Mastering Synchronous and Asynchronous API Patterns

Uncover the art of designing synchronous and asynchronous integrations with MuleSoft.

Introduction

Creating integrations using established patterns is a smart move. It keeps integration uniform, makes them easier to grasp, and simplifies maintenance. In this blog post, I'll introduce you to two widely used API Patterns: Synchronous and Asynchronous. Plus, I'll guide you through their implementation using MuleSoft and the API-Led architecture.

Problem Statement

Before starting with the patterns, architects within an organization should lay the groundwork by defining patterns for solution designers to follow. These patterns need explicit descriptions outlining when to apply them, along with their pros and cons, in order to uphold architectural uniformity. The absence of established patterns can lead to a chaotic, hard-to-maintain API-led architectures.

Solution

Synchronous Real Time API

A synchronous real-time API pattern refers to a type of communication between software applications where requests and responses are exchanged in real-time and in a synchronous manner. In this pattern, when one application (the client) makes a request to another application (the server) through an API, it waits for an immediate response before proceeding further.

Here's how the synchronous real-time APIs works:

1. Client Initiates Request: The process begins when the client application sends a request to the server application's API. This request typically includes specific data or instructions that the client wants the server to process.

2. Server Processes Request: Upon receiving the request, the server processes the data or instructions provided by the client. This processing could involve performing calculations, retrieving data from a database, or executing other operations based on the API's functionality.

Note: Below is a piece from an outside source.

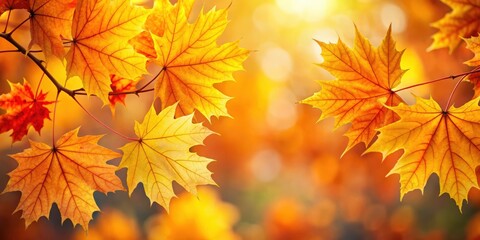 Close-up of vibrant yellow and orange autumn maple leaves, autumn, maple, leaves, vibrant, yellow, orange, close-up, fall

3. Real-Time Response: In a synchronous real-time manner, the server generates a response as a result of processing the request. This response contains the outcome of the requested operation or the data that the client needs. The server sends this response back to the client immediately after processing is complete.

How to implement it with MuleSoft

There are two different approaches on how synchronous real time pattern can be implemented with the API-Led approach:

1. Experience-System-API: The first option reflects the left side of the diagram below. The external system, in this case Salesforce, calls the CRM Experience API which forwards the request directly to the UPS System API, by-passing the Process API because no additional logic is needed.

2. Experience-Process-System-API: The second option goes directly from Experience, to Process, to System API which is a common approach with the API-Led architecture, especially when there's a need for specific logic or orchestration in the Process API.

Asynchronous Near Real Time API

An asynchronous near real-time API pattern refers to a type of communication between systems where requests are made by the client and responses are generated by the server, but the client doesn't block its operations to wait for an immediate response. Instead, the client is notified of the response at a later time, allowing it to continue with its tasks without interruption. This pattern is often used when real-time responses are not essential, but timely updates are still desired.

Here's how the asynchronous near real-time API pattern works:

1. Client Initiates Request: The process begins when the client application sends a request to the server application's API. The request typically includes data or instructions for the server to process.

2. Server Processes Request: Upon receiving the request, the API publishes the message to a message queue or a topic.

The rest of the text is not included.